The right to remain silent was asserted at grand jury or congressional hearings in the
1950s, when witnesses testifying before the House Committee on Un-American Activities
or the Senate Internal Security Subcommittee claimed the right in response to questions
concerning their alleged membership in the Communist Party. Under the Red Scare hysteria
at the time of McCarthyism, witnesses who refused to answer the questions were accused
as “fifth amendment communists”. They lost jobs or positions in unions and other political
organizations, and suffered other repercussions after “taking the Fifth.”
Senator Joseph McCarthy asked, “Are you now, or have you ever been a member of the Communist
party,” while he was chairman of the Senate Government Operations Committee Permanent
Subcommittee on Investigations. Admitting to a previous communist party membership was
not sufficient. Witnesses were also required to “name names,” to implicate others they
knew to be communists or who had been communists in the past. Academy Award winning director
Elia Kazan testified before the House Committee on Un-American Activities that he had belonged
to the Communist Party briefly in his youth. He also “named names,” which incurred enmity
of many in Hollywood. Other entertainers such as Zero Mostel found themselves on a Hollywood
blacklist after taking the Fifth, and were unable to find work for a while in the show
business. The amendment has also been used by defendants
and witnesses in criminal cases involving the Mafia.
The privilege against self-incrimination does not protect an individual who testifies before
a non-governmental, self-regulatory organization—such as the New York Stock Exchange—and the SRO
provides information about that testimony to law enforcement agencies who then prosecute
the individual, even though the SRO has the power to suspend the individual from its membership.
An SRO itself is not a court of law, and cannot send a person to jail. SROs, such as the NYSE
and the National Association of Securities Dealers, are generally not considered to be
state actors. See United States v. Solomon, D. L. Cromwell Invs., Inc. v. NASD Regulation,
Inc., and Marchiano v. NASD, SROs also lack subpoena powers, so they rely heavily on requiring
testimony from individuals by wielding the threat of a bar from the industry when the
individual asserts his or her Fifth Amendment privilege against compelled self-incrimination.
Custodial interrogation The Fifth Amendment limits the use of evidence
obtained illegally by law enforcement officers. Originally, at common law, even a confession
obtained by torture was admissible. However, by the eighteenth century, common law in England
provided that coerced confessions were inadmissible. The common law rule was incorporated into
American law by the courts. The Supreme Court has repeatedly overruled convictions based
on such confessions, in cases such as Brown v. Mississippi, 297 U.S. 278.

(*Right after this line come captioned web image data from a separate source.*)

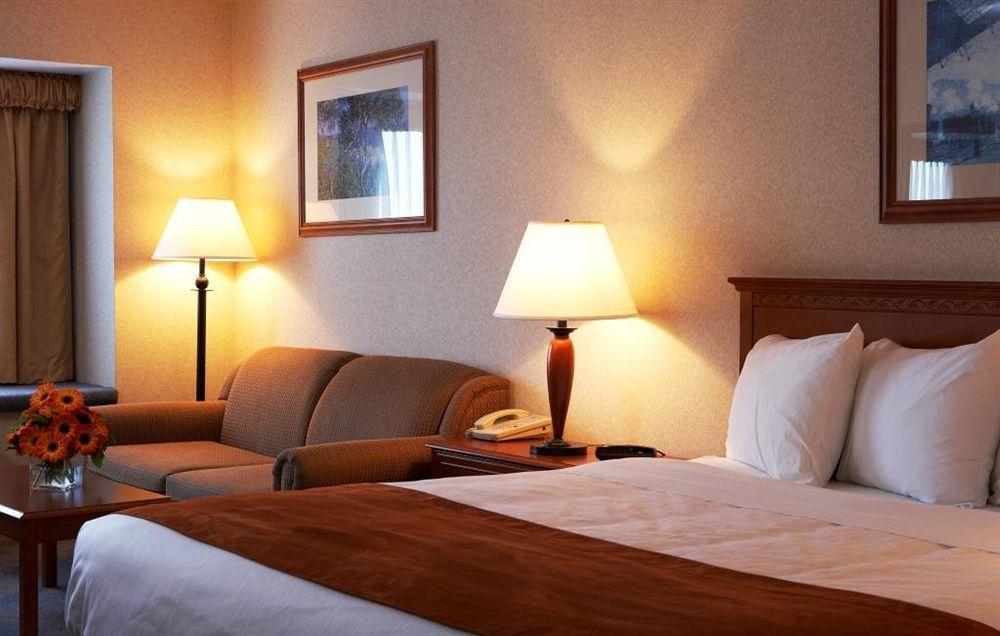 Comfort Inn & Suites วิกตอเรีย ภายนอก รูปภาพ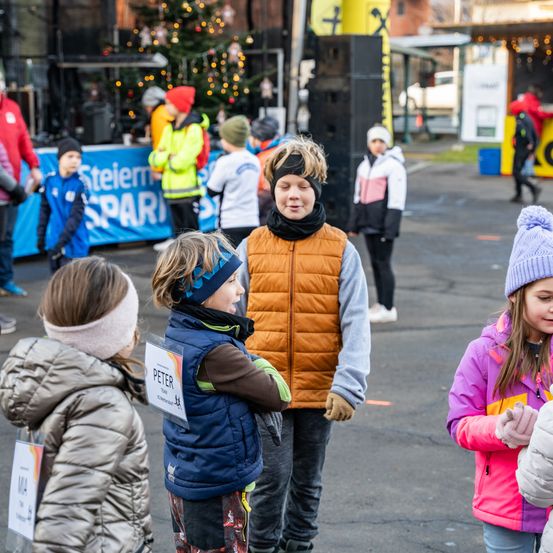 Bild enthält, Coat, Cap, Hat, Jacket, Glove, Boy, Child, Male, Person, Pants
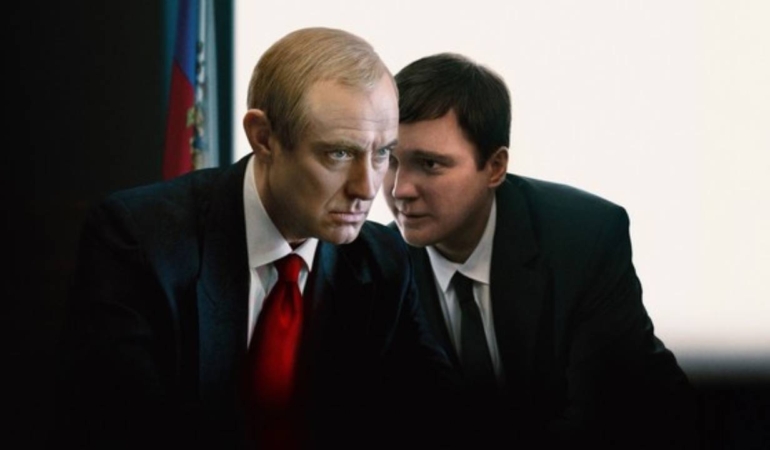 politik-gerilim-kremlinin-buyucusu-ile-aksiyon-gerilim-fuze-funye-gosterime-girdi-sahte-demokrasinin-icadi-m2Iuy3c3.jpg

Law enforcement responded by switching to more subtle techniques, but the courts held
that such techniques, even if they do not involve physical torture, may render a confession
involuntary and inadmissible. In Chambers v. Florida the Court held a confession obtained
after five days of prolonged questioning, during which time the defendant was held incommunicado,
to be coerced. In Ashcraft v. Tennessee, the suspect had been interrogated continuously
for thirty-six hours under electric lights. In Haynes v. Washington, the Court held that
an “unfair and inherently coercive context” including a prolonged interrogation rendered
a confession inadmissible. Miranda v. Arizona was a landmark case involving
confessions. Ernesto Miranda had signed a statement confessing the crime, but the Supreme
Court held that the confession was inadmissible because the defendant had not been advised
of his rights. The Court held, “the prosecution may not use
statements … stemming from custodial interrogation of the defendant unless it demonstrates the
use of procedural safeguards effective to secure the privilege against self-incrimination.
Custodial interrogation is initiated by law enforcement after a person has been taken
into custody or otherwise deprived of his freedom of movement before being questioned
as to the specifics of the crime. As for the procedural safeguards to be employed,
unless other fully effective means are devised to inform accused persons of their right of
silence and to assure a continuous opportunity to exercise it, the following measures are
required. Before any questioning, the person must be warned that he has a right to remain
silent, that any statement he does make may be used as evidence against him, and that
he has a right to the presence of an attorney, either retained or appointed.” The warning
to which Chief Justice Earl Warren referred is now called the Miranda warning, and it
is customarily delivered by the police to an individual before questioning.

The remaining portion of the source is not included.